Where is God?

The eloquence of Reader Fred in his reply to The Greatest Sin is Prejudice has sparked responses that reflect the same plight in others. The Christian faith, among many, has not answered the need of “secular” individuals who, despite the rejection of classic doctrines and Biblical mythology, still want a place in a divine world. Where is God?

Many theologians try to address this; Dominic Crosssan, Marcus Borg and Walter Brueggeman are three prominent writers. Marcus Borg in particular has focused on transferring Christian values to a new Christian paradigm not dependent as much on Biblical mythology.

In the last post, mariner referenced a YouTube site showing several videos central to Joseph Campbell’s interpretation of myths as a tool to explain something we cannot understand or a value important in our lives but difficult to describe. The importance of Campbell’s work is that it allows us to observe how other ages and cultures used myths as a means of having faith. Campbell’s insight places faith and belief in a more understandable light.

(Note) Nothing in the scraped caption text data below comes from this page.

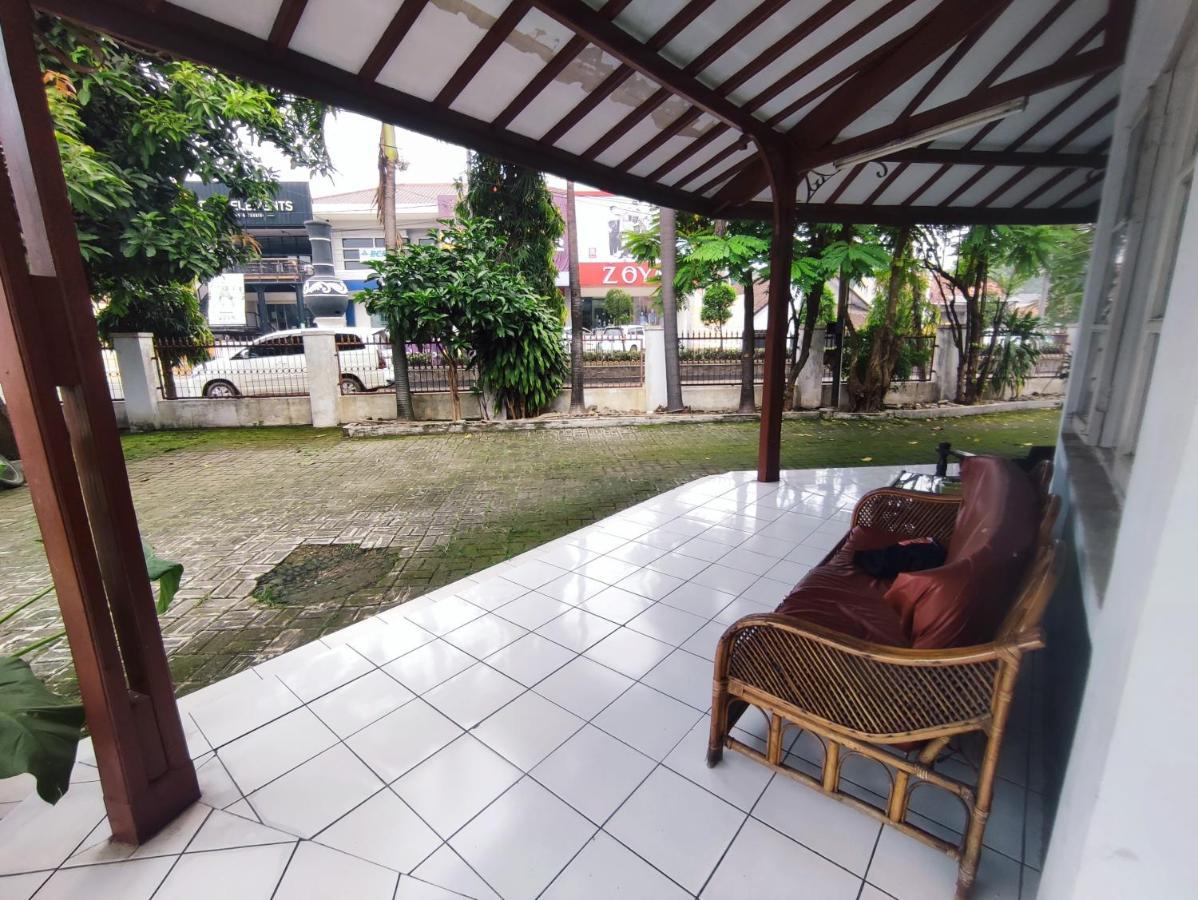 Oyo 90865 Hotel Kusuma Purwakarta Karawang Exterior photo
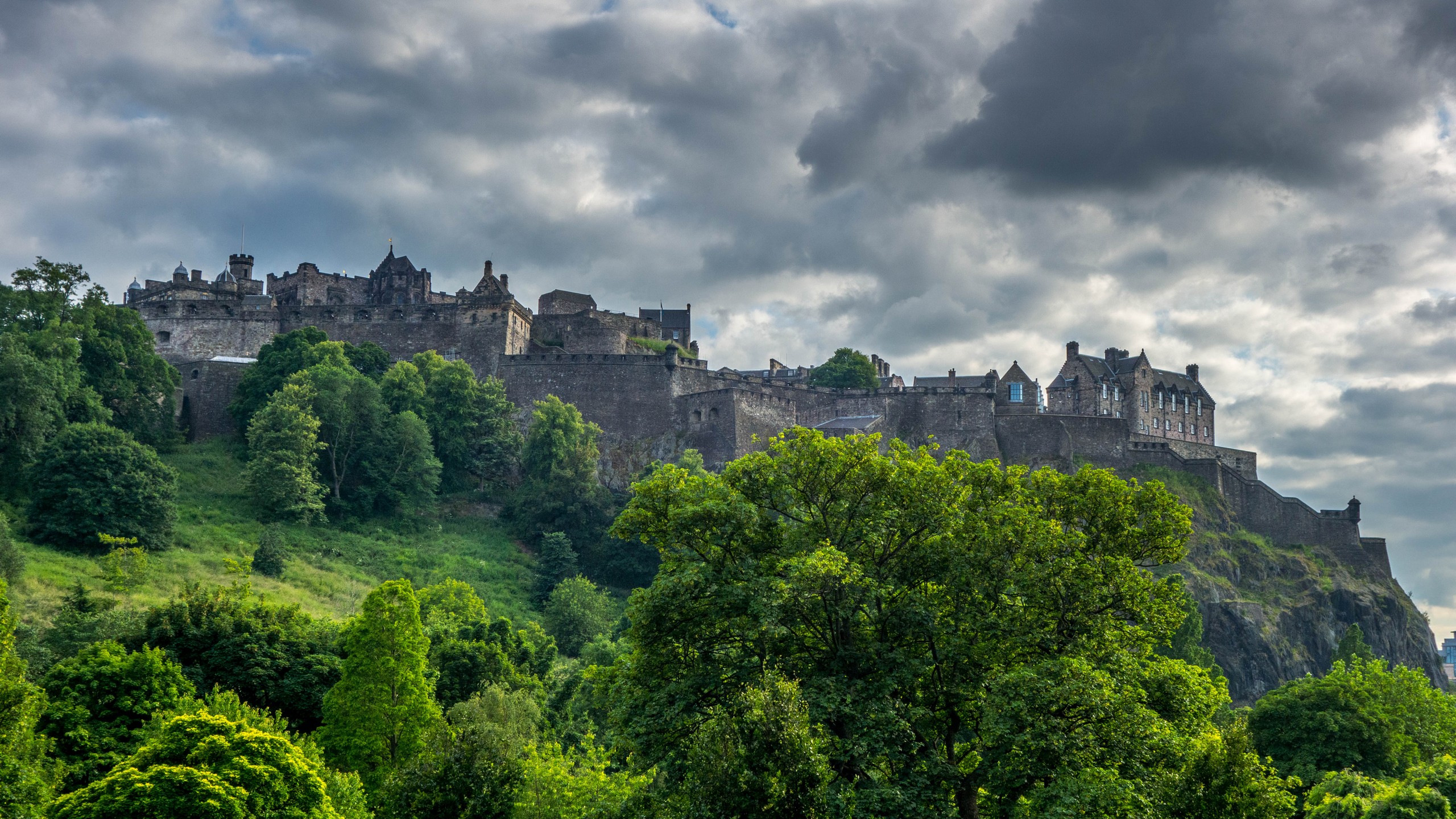 Man Made Edinburgh Castle 2560x1440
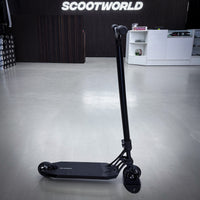 Striker Full Black Custom Build - Black-ScootWorld.de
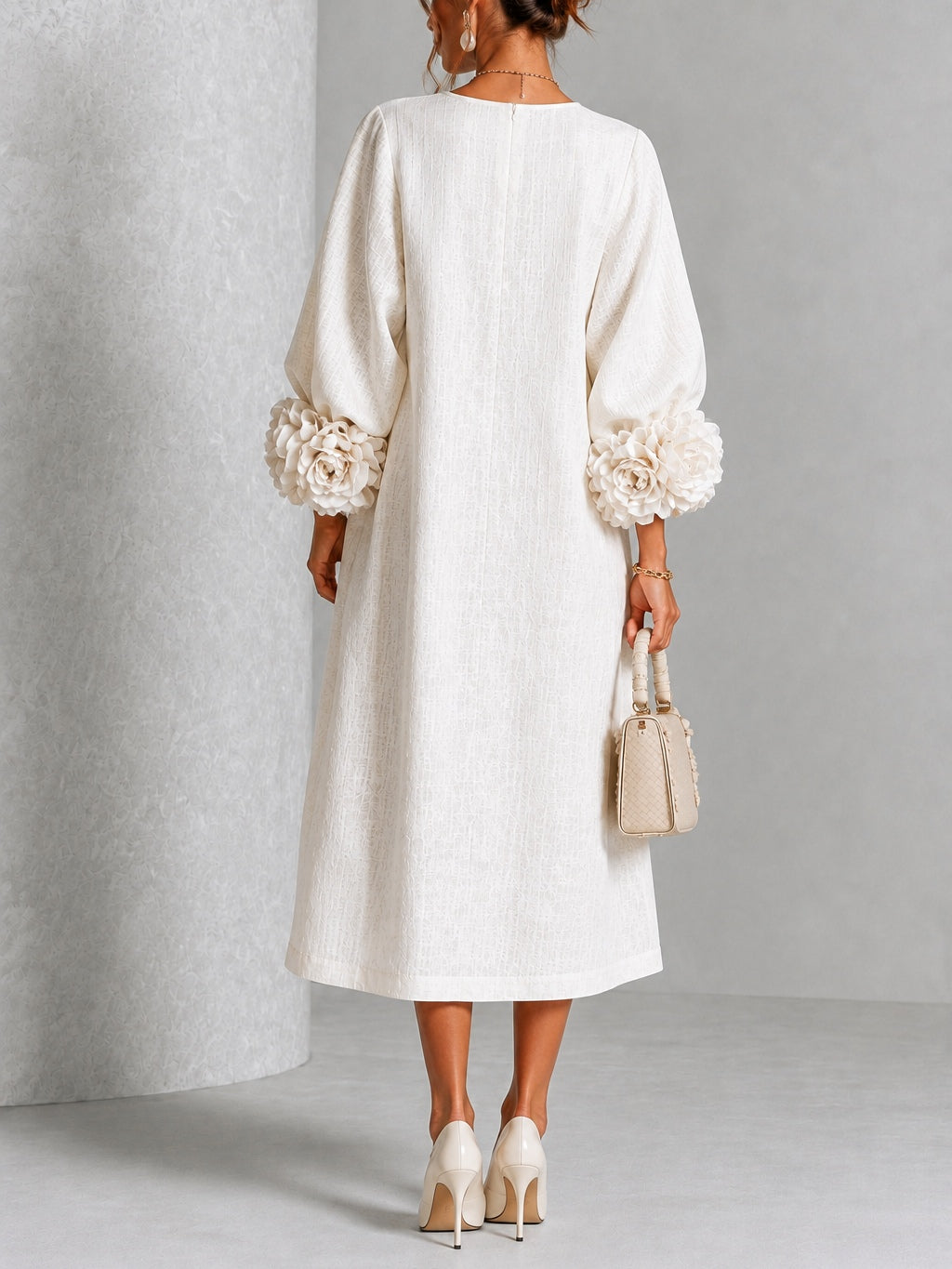 Giorgia | Robe midi à fleurs avec boutons et poignets décoratifs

As secularists pursue faith and doctrine that is meaningful, they must be willing to accept new beliefs of divine forces that replace inadequate beliefs; new beliefs that provide an understanding of extra-human realities that, for the individual, are not subject to human interference.

Six thousand years before Christ, the earliest cultures had no scientific basis for anything. These cultures, most found around Western Turkey, believed that an obese woman, quite fecund like a queen bee, was the source of all creation and for centuries was the origin of human beings. Clearly, we today consider this belief to be in error. However, it was the story that explained creation; faith in it was strong and lasted millennia.

How did we travel from a fecund woman as the source of life to Adam and Eve, to sorcerer powers like separating the Red Sea and turning a snake into a stick, to the belief in a personal god that manages our lives, to Jesus, to the source of love and grace and to an amorphous, impersonal god as the source of creation? Millions of pages have been written about the changing of spiritual icons and the power behind a universe we still are discovering.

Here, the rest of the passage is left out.